Return, exactly and in full, the lines of the records below starting at the one with "In this video, I'm" and ending at the one with "Hey guys, this", and no other lines.
** PROVIDED DATA follows **
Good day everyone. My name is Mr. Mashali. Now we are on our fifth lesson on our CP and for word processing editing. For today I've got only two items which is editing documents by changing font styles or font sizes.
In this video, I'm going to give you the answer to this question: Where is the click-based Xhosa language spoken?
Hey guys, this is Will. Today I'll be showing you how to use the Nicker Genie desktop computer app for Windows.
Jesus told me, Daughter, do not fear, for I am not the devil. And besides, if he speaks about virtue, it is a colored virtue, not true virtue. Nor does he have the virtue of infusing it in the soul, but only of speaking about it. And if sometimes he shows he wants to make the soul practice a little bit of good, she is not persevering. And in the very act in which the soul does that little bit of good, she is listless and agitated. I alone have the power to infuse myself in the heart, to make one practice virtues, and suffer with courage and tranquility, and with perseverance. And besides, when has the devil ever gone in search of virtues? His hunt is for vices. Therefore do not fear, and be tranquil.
** End of PROVIDED DATA **
** PROVIDED DATA follows **
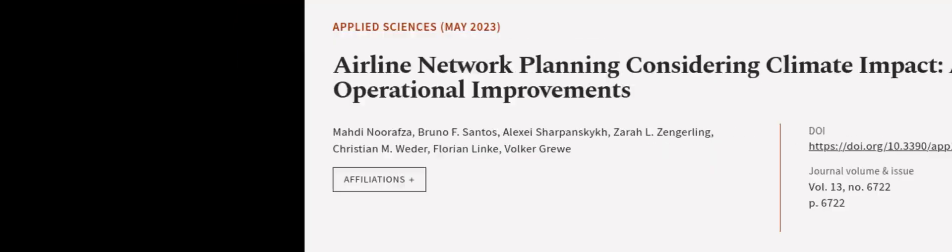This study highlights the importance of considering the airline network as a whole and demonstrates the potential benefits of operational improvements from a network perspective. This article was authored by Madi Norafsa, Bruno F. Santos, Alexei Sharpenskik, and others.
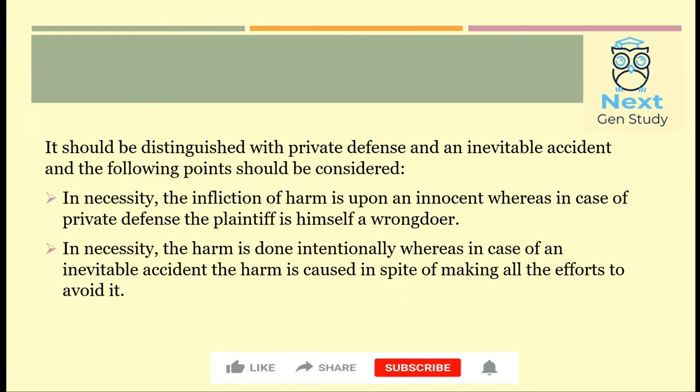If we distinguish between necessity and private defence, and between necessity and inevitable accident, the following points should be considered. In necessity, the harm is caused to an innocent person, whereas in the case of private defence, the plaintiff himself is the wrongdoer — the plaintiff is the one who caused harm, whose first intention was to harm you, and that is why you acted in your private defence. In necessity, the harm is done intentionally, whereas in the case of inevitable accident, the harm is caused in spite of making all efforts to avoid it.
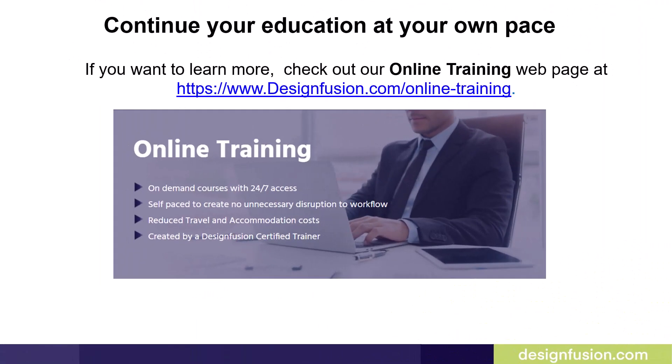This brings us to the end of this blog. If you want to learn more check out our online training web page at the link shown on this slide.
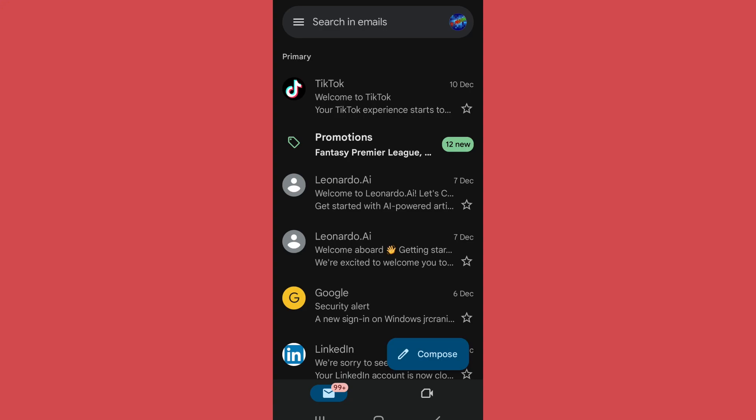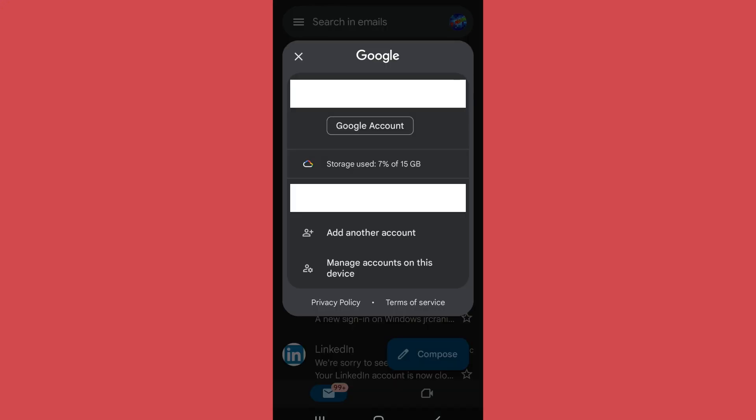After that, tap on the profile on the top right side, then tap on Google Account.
** End of PROVIDED DATA **
• **EXPECTED OUTPUT**:
In this video, I'm going to give you the answer to this question: Where is the click-based Xhosa language spoken?
Hey guys, this is Will. Today I'll be showing you how to use the Nicker Genie desktop computer app for Windows.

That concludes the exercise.